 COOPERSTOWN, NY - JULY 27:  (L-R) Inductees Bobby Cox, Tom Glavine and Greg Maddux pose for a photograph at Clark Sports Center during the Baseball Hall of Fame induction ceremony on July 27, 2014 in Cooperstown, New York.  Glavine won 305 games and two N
---
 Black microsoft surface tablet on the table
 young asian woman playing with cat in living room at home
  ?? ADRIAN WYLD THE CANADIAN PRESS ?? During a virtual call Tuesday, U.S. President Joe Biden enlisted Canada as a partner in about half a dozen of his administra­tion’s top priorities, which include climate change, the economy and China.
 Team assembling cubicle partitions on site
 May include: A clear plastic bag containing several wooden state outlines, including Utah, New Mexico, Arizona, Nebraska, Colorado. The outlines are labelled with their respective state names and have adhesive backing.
...
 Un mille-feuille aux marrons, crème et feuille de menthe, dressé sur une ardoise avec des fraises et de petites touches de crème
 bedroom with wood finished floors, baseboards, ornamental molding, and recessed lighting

** Work to be completed **
Copy whichever lines above contain the string "with".

** Answer **
 young asian woman playing with cat in living room at home
 May include: A clear plastic bag containing several wooden state outlines, including Utah, New Mexico, Arizona, Nebraska, Colorado. The outlines are labelled with their respective state names and have adhesive backing.
 bedroom with wood finished floors, baseboards, ornamental molding, and recessed lighting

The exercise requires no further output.